碩士 === 國立臺灣科技大學 === 電子工程系 === 89 === Near-far problem limits both of the system performance and the overall network capacity in the reverse link of a DS-CDMA system. For this, various approaches have been addressed, to overcome these difficulties, among which the multiuser detection (MUD) has been proved to be effective. Multi-user detection (MUD) has demonstrated to be an effective approach to resolve this problem. The optimal MUD, however, in general calls for substantial computational overhead. As such, some suboptimal ones, such as minimum mean-squared error (MMSE) MUD and successive interference cancellation (SIC) MUD, are of more practical interests. Nevertheless the computational complexity of the MMSE MUD is still high, while the SIC MUD suffers the latency problem for the detection of the weakest signals. In light of this, this thesis proposes a hybrid MMSE and SIC MUD which possesses the advantage of both detection schemes, but with alleviated aforementioned drawbacks. The approach first divides the users into several groups with each group consisting of users with a close power level. The SIC MUD is then used to distinguish users among different groups, while the MMSE MUD is used to detect users within each group.

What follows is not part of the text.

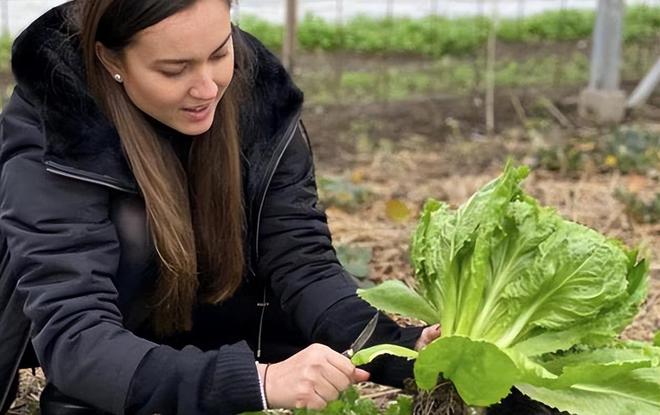 刘碧丽3亿庄园新计划:种植有机菜发展农业个人资产超过洗米嫂(图4)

As such, the computational complexity of the MMSE MUD and the latency problem in the SIC MUD can thus be greatly mitigated. Besides, since the SIC MUD substrates the reconstructed signal from the original one stage by stage, the reconstructed error can then propagate and eventually may destroy to detection process. To overcome this, this thesis also addresses a new dynamic mapping function following the MMSE MUD carried out in each group of the proposes hybrid approach. This new mapping function can not only alleviate the false alarm induced in the reconstruction process, but also possesses dynamic adjusting scheme according to the signal characteristic. Furnished simulations show that the new approach outperforms both of the traditional MMSE MUD and SIC MUD algorithms.